Особняк, где останавливался Тито, на улице Алексея Толстого, был совсем близко от улицы Качалова, где располагался институт. Совсем близко я увидел кавалькаду лимузинов, направляющуюся, по-видимому, на аэродром. В этом месте народу было немного, и, заметив в машине Карделя, я стал бурно его приветствовать. Кардель улыбнулся мне и доброжелательно помахал.
48
И вдруг, как в открывшемся в сказке Сезаме,
Предстанут соседи, друзья и семья,
И вспомню я всех, и зальюсь я слезами,
И вымокну раньше, чем выплачусь я.
Борис Пастернак
Прежде чем выйти на работу, я вновь поехал на месяц в Меленки. На сей раз я завел там кое-какие знакомства. На одной улице со мной жил очень простой человек, без образования, промышлявший работой в своем саду и огороде, сбором грибов и трав. В молодости его поразила идея легкого и открытого, как ему казалось, общения между людьми с помощью эсперанто. Он стал эсперантистом, ездил на съезды, выписывал на этом языке все, что мог. На русском старался не читать ничего. В годы чисток эсперанто запретили, а всех ведущих эсперантистов арестовали. Оставшиеся на свободе забились в углы, но эсперанто не предали. Оттепель стала размораживать и эсперантистов. Они стали выходить из своих нор. Меленковский трясущимися мозолистыми руками показывал мне заветные тетради, куда он записывал сюрреалистические переводы на русский язык с японских эсперантистских брошюр.

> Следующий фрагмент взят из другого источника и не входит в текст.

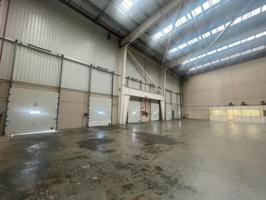 Nave industrial en alquiler en Carmona, Camposol photo 0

Был в Меленках учитель, большой фантазер. Что ни происходило с ним, случалось в превосходной степени. Если он собирал грибы, то не менее трехсот, и не в глубине леса, а прямо на опушке. Он уверял, что был чемпионом армии по боксу, и был разжалован из офицеров в солдаты за то, что ударил другого офицера, который выстрелил в костеле, в Ченстохове(!) в стеклянную фигуру Христа, у которого были видны жилы, наполненные кровью. Узнав о моем интересе к искусству, он тут же сказал, что очень любит картину «импрессиониста» «Поклонение знамени»...
Жил в Меленках интеллигентный пенсионер, учитель биологии Леонид Александрович, бережно сохранявший книги Вейсмана и Моргана и других столпов генетики, что в конце 40-х — начале 50-х годов могло рассматриваться как политическая нелояльность.
Решил я осмотреть окрестные места, и отправился с Павлом Александровичем Конюковым, Вериным дядей, сначала в Муром, а оттуда пароходом по Оке до Касимова. В 16-м веке Касимов был столицей татарского ханства, дружественного русским, и до сих пор там сохранилась мечеть. До революции по Волге и Оке плавало матросами и буфетчиками много касимовских татар, но в Касимове их почти не осталось.
Гуляя по старому уездному Касимову, мы зашли в грязную чайную. К нам подсел опухший и заросший щетиной тип.
— Вы сомневаетесь в прочности этого стула? — начал он издалека.
— ??
— Может быть, вы сомневаетесь в прочности советской власти?
На этот вопрос мы совершенно уверенно ответили, что не сомневаемся. Наступило молчание.
— Откуда вы?
— Из Москвы.
— Я тоже в Ленинграде работал...
После того как его угостили, поведал свою историю.
Был мастеровым и быстро спился. Зашили ему в задницу антабус и предупредили, что умрет, если снова запьет. Он держался, но однажды приехал в деревню, и его пригласили на чай.
— Я знаю, что такое «чай». Это сто пятьдесят...
Все началось снова.
Из Касимова мы поехали обратно в Муром, а сошли с парохода в Ляхах, ближайшей к Меленкам пристани на Оке. Между Меленками и Ляхами не было регулярного сообщения, а к тому же у нас и деньги кончились, и мы решили пройти шестьдесят километров пешком.
Зайдя в ляховскую чайную, мы услышали на улице крики. Окруженный толпой, стоял затравленный, худой, небритый мужик в телогрейке. Милиционер схватил его за шиворот, но тот выскользнул из телогрейки, сбросил штаны и остался в грязном белье, угрожающе, как волк, озираясь. «Ну-ка, подойди! — рычал он, оскалившись. — Я тебе в ноздрю дам!»